Lihat apa yang sudah dia lakukan untuk SMA 31 saat itu, khususnya tahun angkatan kita, pencapaian yang sampai saat ini masih saya rasakan fantastis, terutama untuk ukuran sekolah yang berlokasi di pelosok seperti itu lebih dari 170 anak mendapat tempat di berbagai universitas negeri dan STAN. Bahkan barangkali jumlah anak 31 yang masuk FHUI pada tahun 87 merupakan jumlah terbanyak, melebihi sekolah2 ngetop lain di Jakarta ini. Tapi, kita tidak terbiasa menyombongkan diri di luar (barangkali karena tidak tahu caranya), kita terbiasa diajarkan bersikap sederhana, sesederhana kepala sekolahnya. Saya kira ibu Retty secara diam-diam telah mengajarkan kepada kita semua mengenai kesederhanaan dan kesahajaan sikap. Tanpa kata-kata beliau mengajarkan kita melalui contoh, sikap hidupnya sendiri, ntah saya yang kuper atau tidak update informasi, tapi yang jelas saya tidak pernah mendengar selentingan atau gosip apapun mengenai komersialisme atau konsurmerisme dalam kehidupannya, tidak selama yang saya kenal beliau.

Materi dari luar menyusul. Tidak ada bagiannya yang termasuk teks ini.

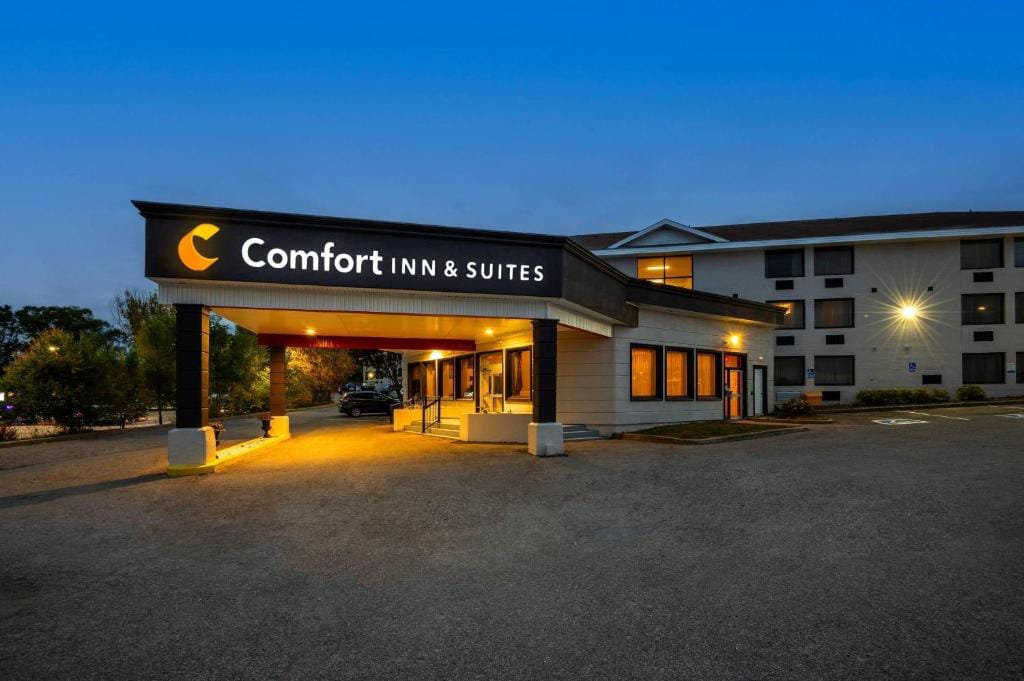 Comfort Inn & Suites — 5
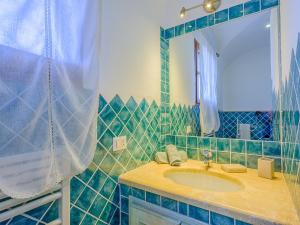 Kúpeľňa v ubytovaní Sardinia Family Villas - Villa Brunilde with private pool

Kita adalah anak-anak sekolah 'kampung' yang mampu berdiri sejajar dengan anak-anak jebolan sekolah top dimanapun dibelahan lain di Jakarta ini. Meskipun memiliki kepala sekolah yang sangat keras, namun saya tidak bisa memungkiri kenyataan bahwa masa tiga tahun saya di SMA 31 merupakan salah satu masa dalam hidup ini yang ingin saya kenang sampai saya jompo nanti, dan pasti ibu Retty, tokoh sentral kehidupan saya saat itu, tidak akan lepas dari pembicaraan saya. Selamat jalan ibu Retty Surjanah, semoga Allah mengampuni dosa dan kekhilafan Ibu dan menerima semua amal ibadah Ibu yang tulus. Amin.